### Assigned task
In the material below, find the span from the line with "手工折纸教程：用20厘米彩纸折出π符号硬币折纸-第100张图片-趣作屋" to the line with "Frankfort Apartment |" and transcribe only those lines, exactly, ends included, without the pictures.

### Data for review

────────────────

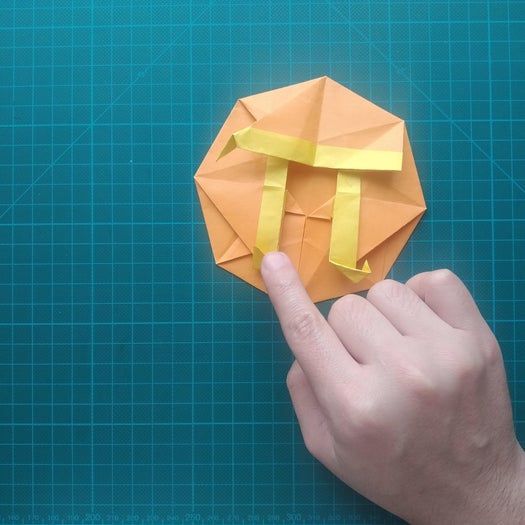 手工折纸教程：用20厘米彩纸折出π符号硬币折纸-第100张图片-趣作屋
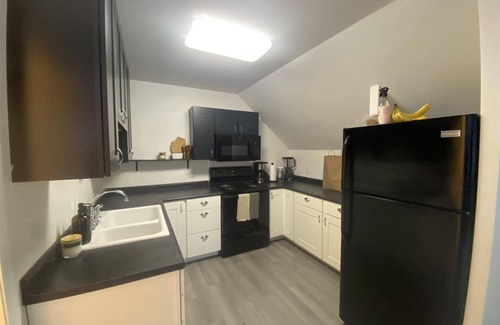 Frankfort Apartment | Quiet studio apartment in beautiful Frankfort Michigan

────────────────

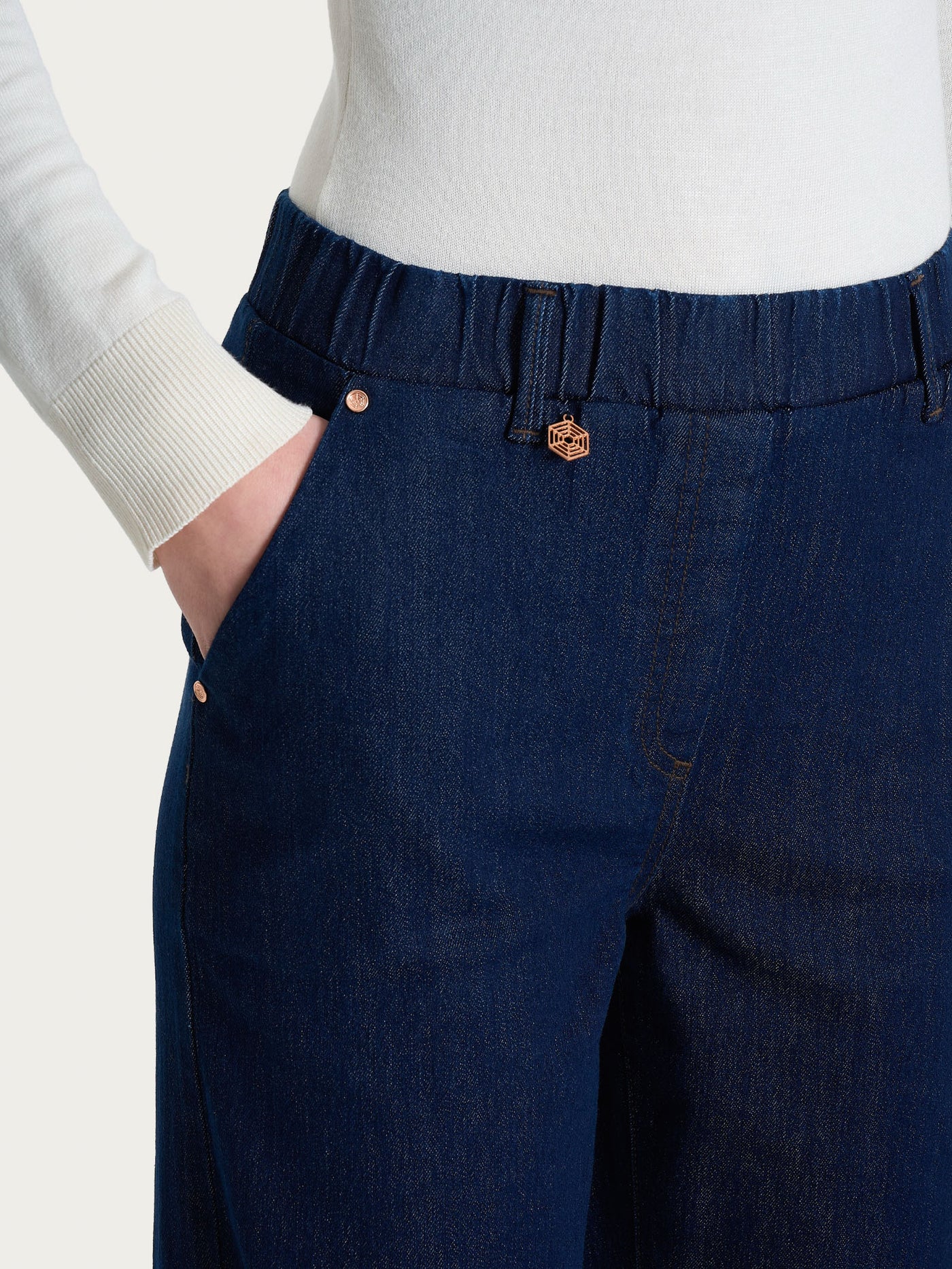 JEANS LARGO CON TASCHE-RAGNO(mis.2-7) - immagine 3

────────────────

### Result of this task
 手工折纸教程：用20厘米彩纸折出π符号硬币折纸-第100张图片-趣作屋
 Frankfort Apartment | Quiet studio apartment in beautiful Frankfort Michigan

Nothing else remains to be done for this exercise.